Most interesting, perhaps, was Cameron’s glib incitement of a social fightback, invoking the chaotic vigilante justice by underdogs-who-just-can’t-take-it-any-more of fightback, while simultaneously clawing back that plainly irresponsible suggestion with the rhetorically softening epithet social. (That Cameron wants to start a massive fightback against “ideas”, rather than, say, a reasoned argument, is depressingly revealing.) “Fightback” is also a helpful close cousin to the populist and antilegal concept of payback, as in community payback and Nick Clegg’s hilarious proposal for riot payback. Perhaps if everyone who joined up to the social fightback that Cameron incited did so while wearing a full-faced David Cameron mask and a gimp outfit, that would “send” the right “message”.

Meanwhile, in other Unspeak-related developments: there is a new website called newswordy, which picks a topical word, giving current citations from news or Twitter, and gives a short definition of it. It sometimes confuses parts of speech (“vindication” is said to mean “to clear”), and makes no attempt at analysis whatsoever, prompting one to wonder what exactly the point is. It’s beautifully designed, though, isn’t it?

In vocabulary news, the new COED includes the words sexting and cyberbullying, while Collins has decided that words including aerodrome and supererogate are defunct. I call on the Unspeak™ Community™ to use them daily from now on.

Lastly, from the LRB, one learns that philosophising was “Mary Wollstonecraft’s euphemism for sex with William Godwin”. Have you done any philosophising lately, readers?

8


Three seven five

The price is right

I was “browsing” in a shop the other day, when my companion enquired as to the price of a piece of leather merchandise. The shop assistant told us the price, not by saying the actual number, but by uttering single digits: “Three seven five.” This is an increasingly common and delightfully transparent strategy of commercial Unspeak, whereby the hearer is discouraged from conceptualizing the figure as a real sum of money (“Oh em gee, three hundred and seventy-five pounds!?”).

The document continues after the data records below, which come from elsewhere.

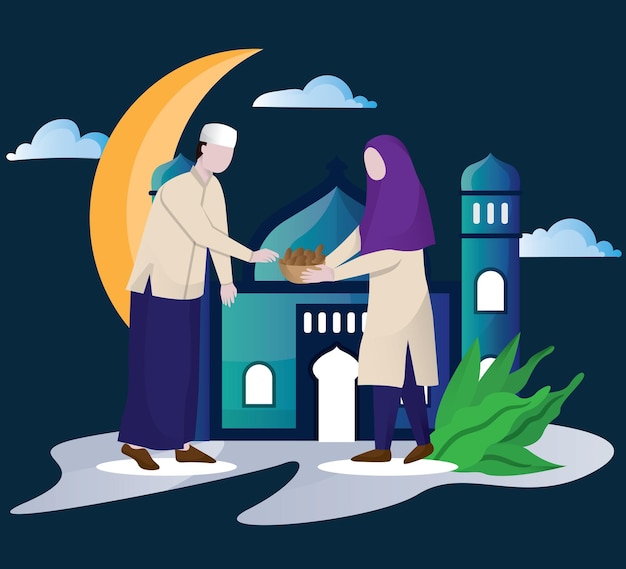 Muslims people sharing food for charity ramadan concept illustration flat cartoon style icon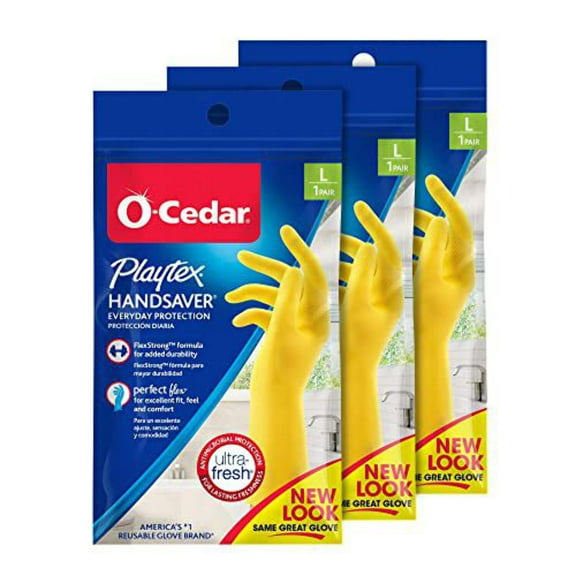 Playtex Handsaver Gloves, Reusable Cleaning Gloves, Size Large, 1 Pair - 3 Pack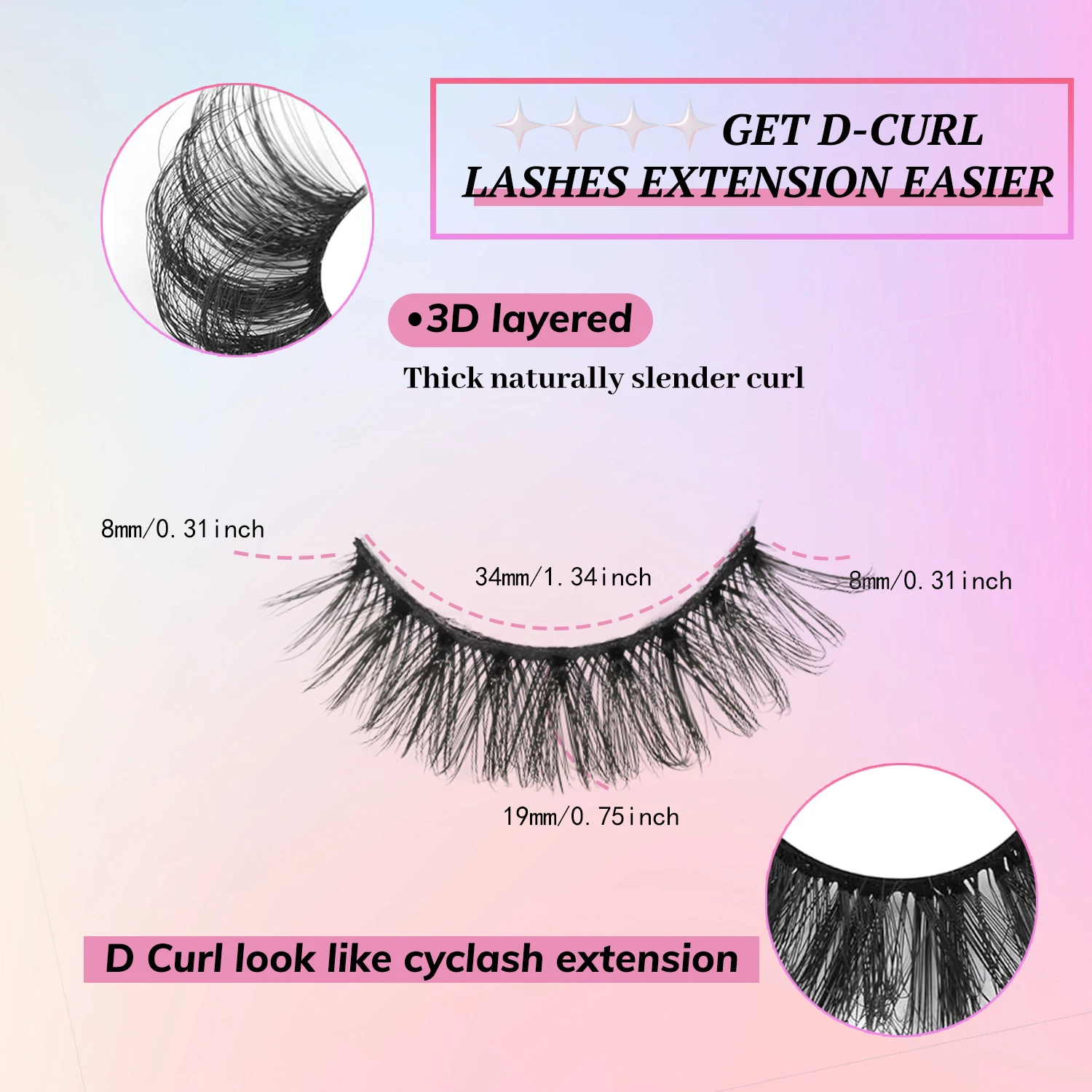 Pestañas de visón Pestañas de visón sintético esponjosas naturales Volumen grueso 3D D Curl Pestañas rusas Pestañas tenues Aspecto como extensiones Pestañas postizas Paquete de 7 pares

Instead one may merely relax into the mellifluous recitation of single integers, as though a savant somewhere is reciting the million-and-nth digits of pi tau; one may even imagine one’s own decimal point, placed anywhere in the series that makes it seem more agreeable; and, as my companion noted, if the reciter speaks slowly enough, it seems possible for the merchant to hope that you will have forgotten the first digit, and the total number of digits, by the time the speaker arrives at the last. ((On the other hand, I have noticed that car prices in TV ads tend to be announced along the lines of “Ten nine nine five”: perhaps for a series of five digits or longer, the worry is that the listener could be confused into thinking that the price is an order or two of magnitude greater than it is.)) I expect that soon some enterprising emporium will instruct its associates to communicate prices in binary?

What other rhetorical strategies of price obfuscation cause you to buy nice things, readers?